TV reporters usually love to publicize any gaffes made by
presidents or presidential candidates. In Houston on March 11, Vice
President Al Gore incorrectly stated that the Bush-Quayle
administration’s economic record included "the worst depression
since the Dust Bowl days of the 1930s," but there hasn’t been a
single word of criticism from any of the networks.
First, we must ask, can Gore’s assertion possibly be true?
Depressions and recessions are measured by how severely a nation’s
Gross Domestic Product (GDP) contracts. The GDP is the total value
of all of all goods and services produced in a year. During the
Great Depression, our GDP contracted severely, shrinking by 12
percent in 1930, another 16 percent in 1931 and 23 percent in 1932.
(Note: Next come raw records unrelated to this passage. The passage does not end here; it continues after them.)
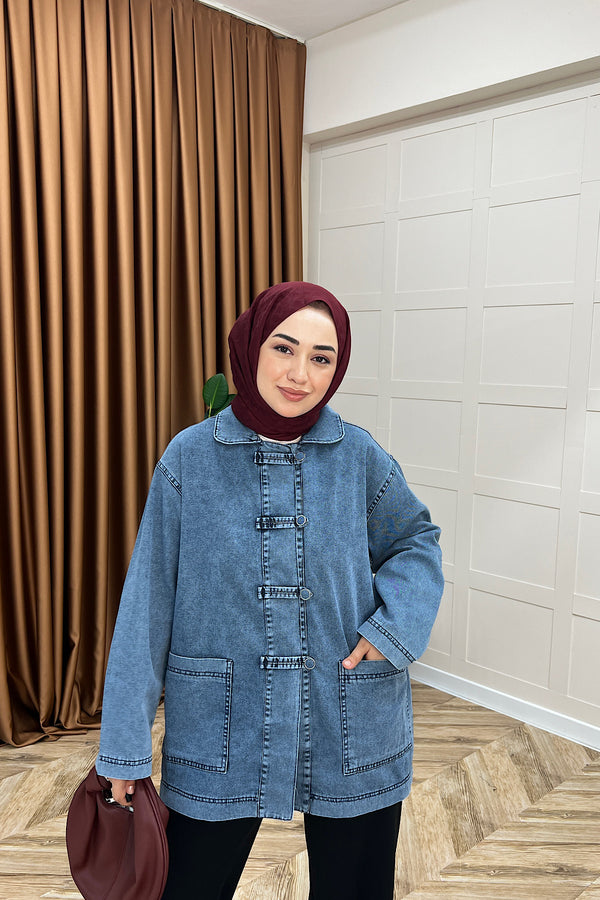 Asel Kot Ceket Mavi 6755-MAVI
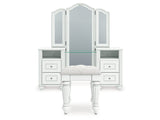 Kozlani White Vanity, Mirror and Stool by Ashley Furniture at Eve Furniture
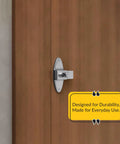 Built Tight Slick Chrome Slide Latch and Keeper Set mounted on wood door, showcasing durability and design for everyday use.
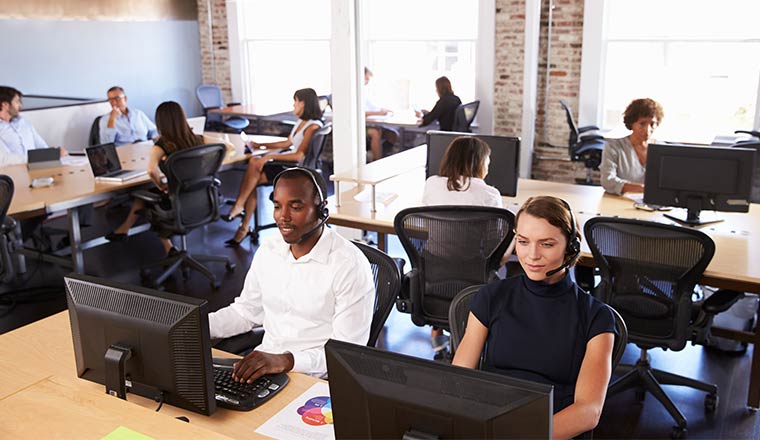 A photo of an open plan contact centre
Those statistics are the signature of a steep and prolonged
downturn, marked by huge numbers of business failures, unemployment
and economic misery.
What
about the Bush-Quayle years? The total length of the downturn for
which they were blamed was just nine months, with the worst GDP
performance coming in the fourth quarter of 1990 (October to
December) when GDP shrank by a seasonally-adjusted annual rate of
three percent. That’s a far cry from the pain of the Great
Depression.
It’s also hardly the worst performing quarter in recent times. In
fact, according to data gathered by the U.S. Department of Commerce,
it ranks eighth on the list of the ten worst quarters since 1959.
(See chart.) The worst performing quarter belonged to Jimmy Carter,
who presided over an annually-adjusted 7.7 percent contraction in
the spring of 1980 -- a brief but nasty economic downturn that
helped cost him that year’s election.
Perhaps the Vice President was referring to the unemployment
rate. But on this measure, too, the Bush-Quayle recession doesn’t
even rate. Even though the downturn officially ended in March, 1991,
unemployment continued to creep up for more than a year before it
finally peaked at 7.8 percent in June, 1992. While that’s certainly
far worse than the current rate of 4.1 percent, it pales in
comparison to the Depression years, when unemployment peaked at 24.9
percent in 1933, or even eight years later when, on the eve of World
War II, unemployment was still stuck at nearly 10 percent, according
to figures provided by the Bureau of Labor Statistics.
During several recessions since "the Dust Bowl days of the
1930s," unemployment has frequently surpassed 7.8 percent. During
all of 1975, for example, the jobless rate was stuck above eight
percent. In November and December of 1982, as young Gore was being
elected to his fourth term in Congress, the unemployment rate
reached 10.8 percent, its post-World War II high, before finally
dropping below eight percent in early 1984.
Presumably, the Vice President knows all of this, yet he
inexplicably chose to link the relatively mild early ‘90s recession
with the worst economy in living memory. That should have made Gore
a target for ridicule, but ABC, CBS, CNN, and NBC all ignored the
mistake, as did nearly every newspaper reporter on the campaign
trail.
Only one newspaper reporter even mentioned Gore’s gaffe: the
New York Times’s Katherine Seelye, and she focused exclusively
on the strategy behind the Veep’s decision to target "Bush-Quayle"
instead of "Reagan-Bush" in his rant against GOP economics.
Amazingly, she did not question Gore’s questionable economic
assertions, even as she described his strategy of attempting to
undermine Texas Governor George W. Bush’s credibility on economic
matters.
No editor would have permitted a reporter to make such an easily
disprovable assertion about the economy, but by not correcting
Gore’s gaffe, the media are allowing a misperception about the
American economy to take root with the public. It’s time journalists
stepped forward to correct the record.